+++ Supplied material +++

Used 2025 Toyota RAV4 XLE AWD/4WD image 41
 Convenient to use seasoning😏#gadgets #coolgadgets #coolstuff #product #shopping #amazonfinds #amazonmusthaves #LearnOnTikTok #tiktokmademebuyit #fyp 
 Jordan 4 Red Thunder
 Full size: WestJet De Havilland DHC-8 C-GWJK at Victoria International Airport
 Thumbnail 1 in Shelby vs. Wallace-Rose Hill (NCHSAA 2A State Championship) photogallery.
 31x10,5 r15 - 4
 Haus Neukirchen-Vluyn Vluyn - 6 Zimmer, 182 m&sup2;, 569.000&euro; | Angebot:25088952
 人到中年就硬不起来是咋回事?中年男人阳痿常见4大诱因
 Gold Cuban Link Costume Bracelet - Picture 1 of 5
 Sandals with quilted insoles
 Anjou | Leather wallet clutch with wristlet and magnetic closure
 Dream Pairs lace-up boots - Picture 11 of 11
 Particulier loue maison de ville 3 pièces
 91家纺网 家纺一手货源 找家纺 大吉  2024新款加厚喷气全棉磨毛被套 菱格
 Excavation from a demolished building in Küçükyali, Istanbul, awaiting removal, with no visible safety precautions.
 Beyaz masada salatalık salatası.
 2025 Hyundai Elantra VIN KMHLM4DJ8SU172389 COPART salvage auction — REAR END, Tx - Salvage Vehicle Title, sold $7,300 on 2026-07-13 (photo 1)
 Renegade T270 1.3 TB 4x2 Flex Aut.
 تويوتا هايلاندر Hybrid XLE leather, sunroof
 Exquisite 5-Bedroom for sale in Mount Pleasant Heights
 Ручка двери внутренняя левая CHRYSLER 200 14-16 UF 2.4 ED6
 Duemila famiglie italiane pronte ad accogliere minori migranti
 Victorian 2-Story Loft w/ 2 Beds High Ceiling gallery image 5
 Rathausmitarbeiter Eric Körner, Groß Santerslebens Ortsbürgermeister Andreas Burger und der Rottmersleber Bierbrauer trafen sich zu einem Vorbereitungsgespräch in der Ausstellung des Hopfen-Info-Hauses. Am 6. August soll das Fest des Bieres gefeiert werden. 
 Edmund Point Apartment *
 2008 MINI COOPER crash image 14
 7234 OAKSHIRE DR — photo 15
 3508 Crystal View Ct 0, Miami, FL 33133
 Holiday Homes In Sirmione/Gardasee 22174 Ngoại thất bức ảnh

+++

Check every line of the entries for the string "with". Give only the number of lines that hold it.

=== Written solution ===
3